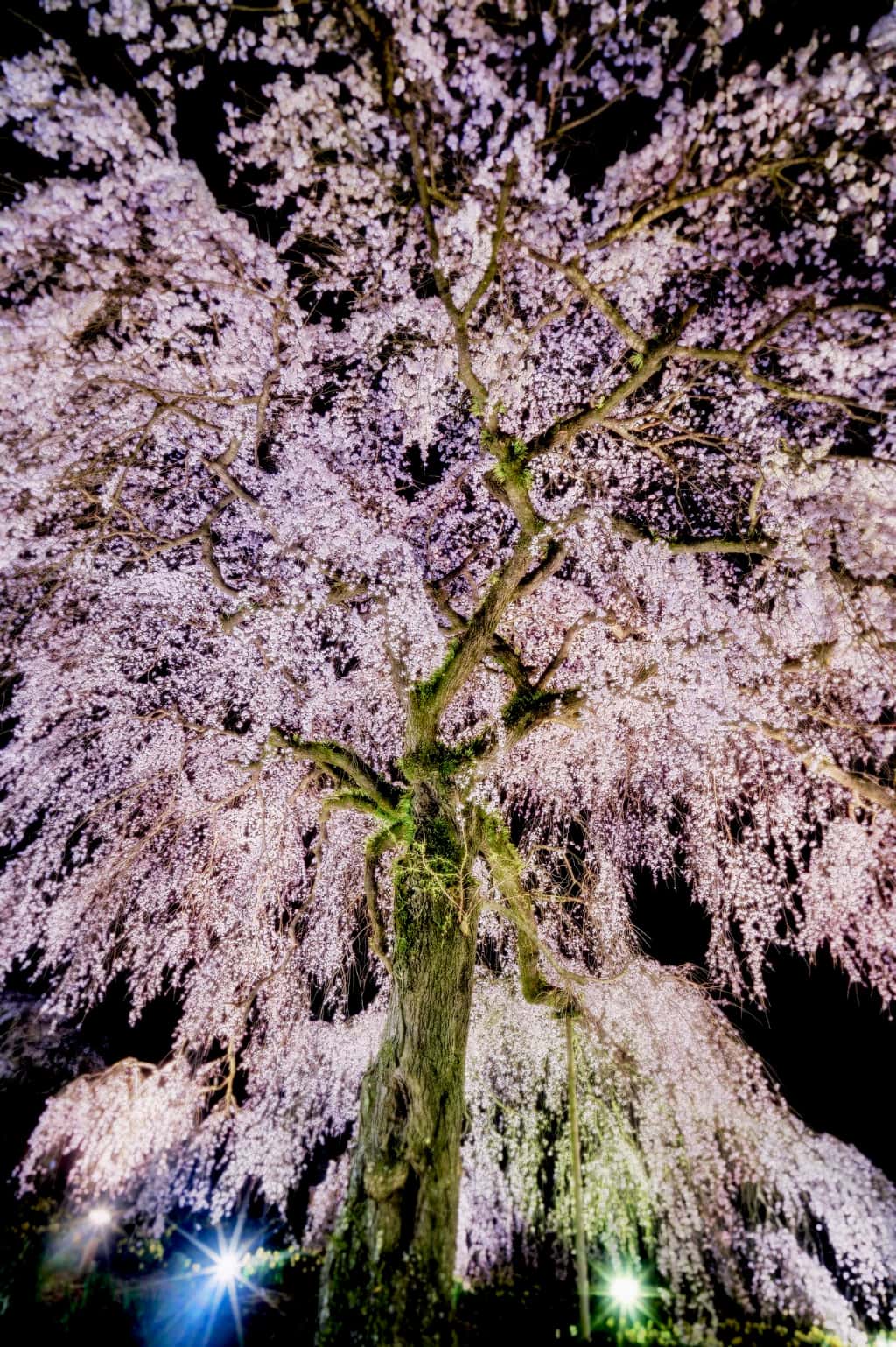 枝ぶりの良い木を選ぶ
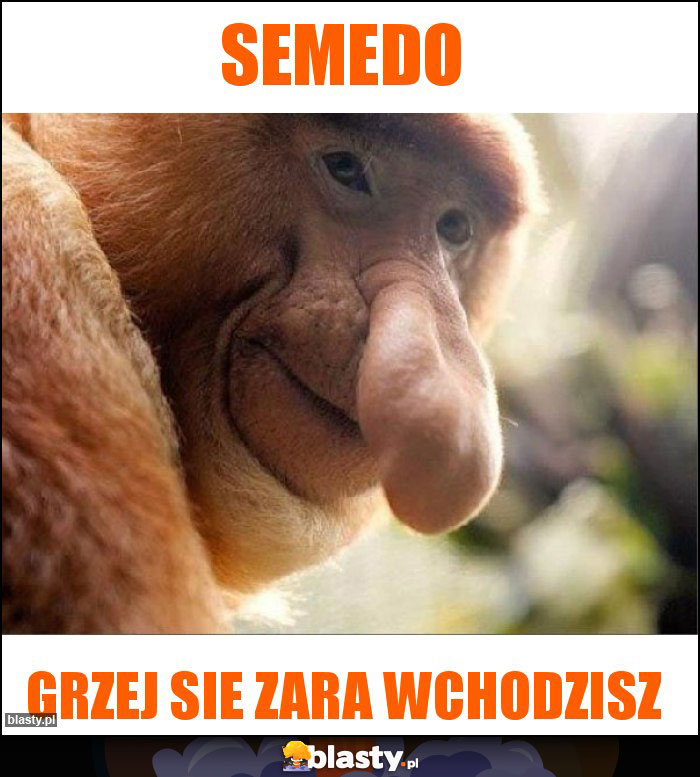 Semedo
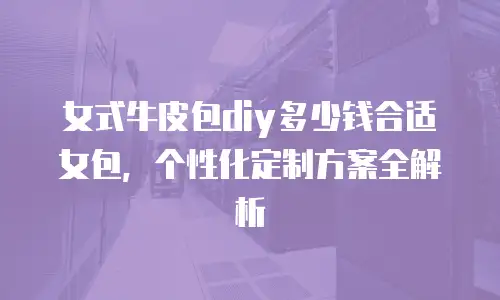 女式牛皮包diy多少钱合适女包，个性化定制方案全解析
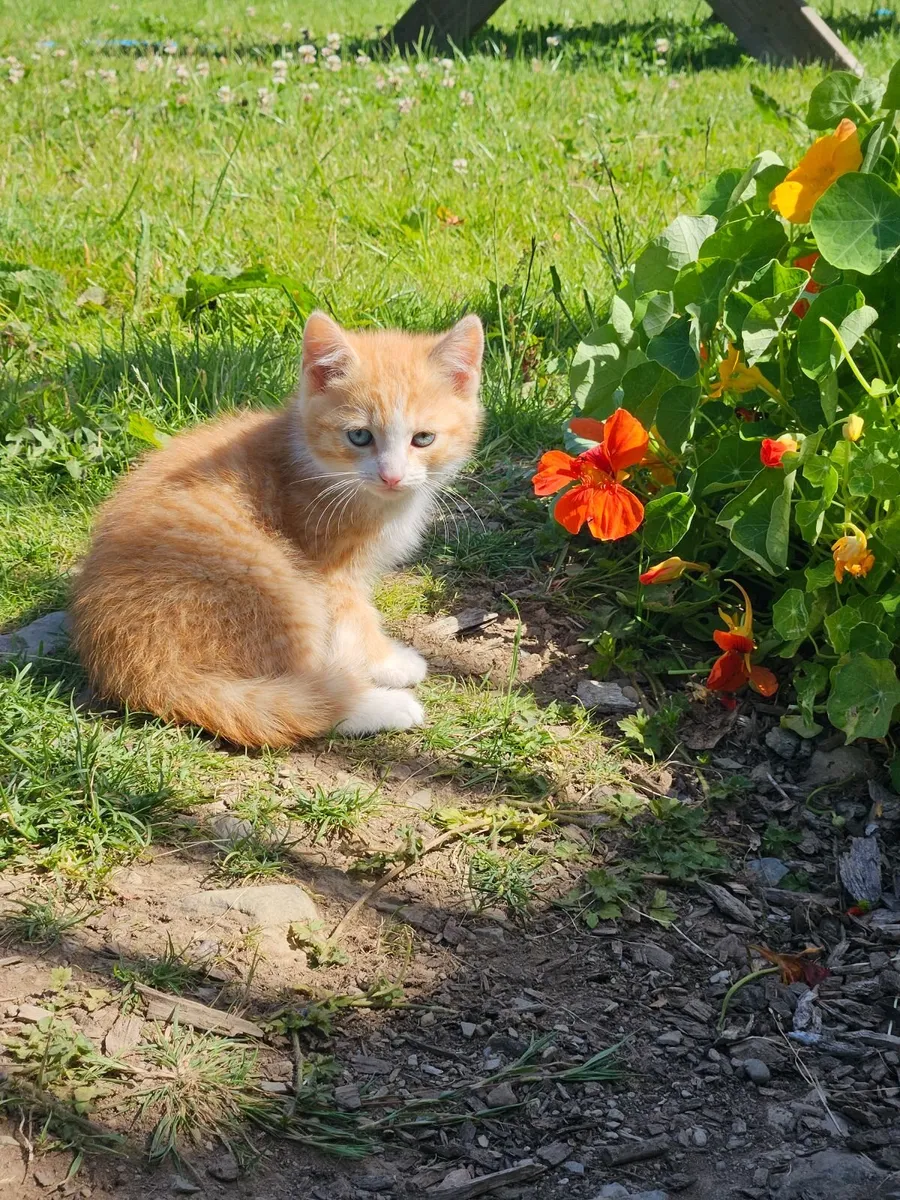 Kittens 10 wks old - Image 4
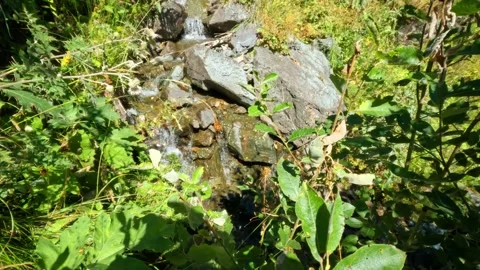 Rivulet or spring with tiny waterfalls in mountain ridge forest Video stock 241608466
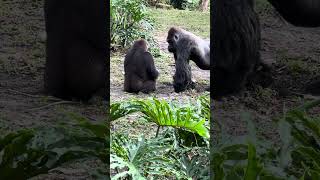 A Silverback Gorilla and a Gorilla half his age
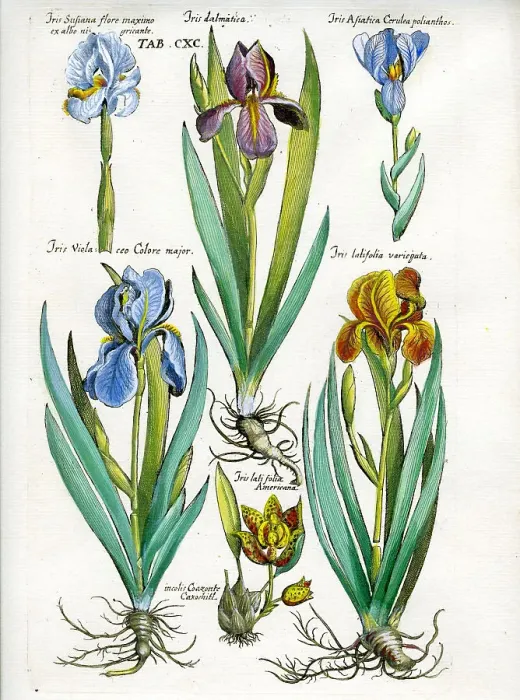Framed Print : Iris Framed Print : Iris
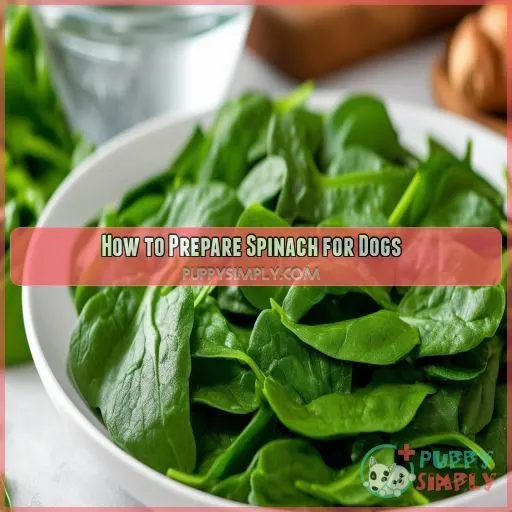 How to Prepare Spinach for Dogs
* * *
*The task:* The entire listing above, minus its pictures, should be copied out exactly.

*Final answer:*
 枝ぶりの良い木を選ぶ
 Semedo
 女式牛皮包diy多少钱合适女包，个性化定制方案全解析
 Kittens 10 wks old - Image 4
 Rivulet or spring with tiny waterfalls in mountain ridge forest Video stock 241608466
 A Silverback Gorilla and a Gorilla half his age
Framed Print : Iris Framed Print : Iris
 How to Prepare Spinach for Dogs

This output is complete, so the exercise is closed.